"""

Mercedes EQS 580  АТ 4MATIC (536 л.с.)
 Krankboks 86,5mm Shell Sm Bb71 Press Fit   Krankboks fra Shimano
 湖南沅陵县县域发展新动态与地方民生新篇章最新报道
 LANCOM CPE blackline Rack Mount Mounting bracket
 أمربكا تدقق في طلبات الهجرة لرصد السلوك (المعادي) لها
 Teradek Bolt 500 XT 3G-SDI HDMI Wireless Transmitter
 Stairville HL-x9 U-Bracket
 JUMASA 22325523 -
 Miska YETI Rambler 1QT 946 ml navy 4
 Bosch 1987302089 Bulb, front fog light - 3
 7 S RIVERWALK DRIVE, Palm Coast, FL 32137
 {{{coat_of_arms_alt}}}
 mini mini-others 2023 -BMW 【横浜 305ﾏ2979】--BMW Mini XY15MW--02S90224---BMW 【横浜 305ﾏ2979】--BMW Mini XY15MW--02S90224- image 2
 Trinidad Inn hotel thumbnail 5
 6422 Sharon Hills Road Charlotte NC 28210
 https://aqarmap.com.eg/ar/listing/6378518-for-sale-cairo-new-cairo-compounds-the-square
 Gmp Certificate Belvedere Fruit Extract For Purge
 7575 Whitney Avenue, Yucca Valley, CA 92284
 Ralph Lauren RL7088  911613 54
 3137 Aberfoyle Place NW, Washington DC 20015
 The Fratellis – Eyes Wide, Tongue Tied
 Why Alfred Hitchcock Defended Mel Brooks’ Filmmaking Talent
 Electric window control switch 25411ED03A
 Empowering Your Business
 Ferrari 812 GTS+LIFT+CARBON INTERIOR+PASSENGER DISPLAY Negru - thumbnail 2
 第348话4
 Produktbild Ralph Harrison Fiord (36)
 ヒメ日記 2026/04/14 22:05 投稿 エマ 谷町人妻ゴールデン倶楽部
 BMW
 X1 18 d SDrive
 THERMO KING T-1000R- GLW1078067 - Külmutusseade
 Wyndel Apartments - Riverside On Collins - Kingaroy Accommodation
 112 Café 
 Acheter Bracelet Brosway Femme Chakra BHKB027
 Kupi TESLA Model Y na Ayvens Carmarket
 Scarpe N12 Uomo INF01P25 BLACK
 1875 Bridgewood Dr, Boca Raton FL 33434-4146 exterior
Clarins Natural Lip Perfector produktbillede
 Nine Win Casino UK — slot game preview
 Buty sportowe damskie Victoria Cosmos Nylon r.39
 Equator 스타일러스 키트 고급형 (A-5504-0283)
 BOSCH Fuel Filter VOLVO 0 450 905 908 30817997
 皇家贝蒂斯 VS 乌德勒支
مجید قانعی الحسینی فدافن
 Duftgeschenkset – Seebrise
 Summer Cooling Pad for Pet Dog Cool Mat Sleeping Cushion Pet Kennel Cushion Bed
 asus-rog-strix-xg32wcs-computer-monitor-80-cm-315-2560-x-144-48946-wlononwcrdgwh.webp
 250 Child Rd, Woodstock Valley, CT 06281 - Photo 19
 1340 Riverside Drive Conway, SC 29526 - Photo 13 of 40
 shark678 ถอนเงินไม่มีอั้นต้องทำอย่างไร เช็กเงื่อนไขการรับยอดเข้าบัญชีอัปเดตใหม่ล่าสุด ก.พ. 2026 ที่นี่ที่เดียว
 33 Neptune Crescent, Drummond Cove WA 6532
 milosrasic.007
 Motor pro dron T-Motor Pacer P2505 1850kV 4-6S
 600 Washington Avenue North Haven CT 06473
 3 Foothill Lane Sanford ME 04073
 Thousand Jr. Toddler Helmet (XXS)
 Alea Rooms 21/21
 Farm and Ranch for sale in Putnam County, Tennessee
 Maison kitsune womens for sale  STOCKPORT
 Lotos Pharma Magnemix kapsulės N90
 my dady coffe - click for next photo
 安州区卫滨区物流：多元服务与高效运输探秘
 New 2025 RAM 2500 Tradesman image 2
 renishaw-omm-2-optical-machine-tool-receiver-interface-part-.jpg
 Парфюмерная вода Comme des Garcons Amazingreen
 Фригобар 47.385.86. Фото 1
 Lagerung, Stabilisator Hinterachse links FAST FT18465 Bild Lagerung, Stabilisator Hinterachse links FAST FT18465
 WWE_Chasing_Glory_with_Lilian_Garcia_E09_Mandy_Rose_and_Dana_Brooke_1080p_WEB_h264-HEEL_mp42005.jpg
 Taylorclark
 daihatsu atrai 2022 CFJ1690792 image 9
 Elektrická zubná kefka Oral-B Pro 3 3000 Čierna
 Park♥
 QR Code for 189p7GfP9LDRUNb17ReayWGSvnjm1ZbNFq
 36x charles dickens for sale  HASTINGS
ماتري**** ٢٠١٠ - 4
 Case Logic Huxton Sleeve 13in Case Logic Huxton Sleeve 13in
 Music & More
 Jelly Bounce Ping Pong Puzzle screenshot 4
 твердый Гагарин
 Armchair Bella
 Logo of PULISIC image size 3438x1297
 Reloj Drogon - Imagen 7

"""

▸ **TASK**
State how many lines of the material above contain the word "Avenue". Say nothing else.

▸ **ANSWER SPACE**
2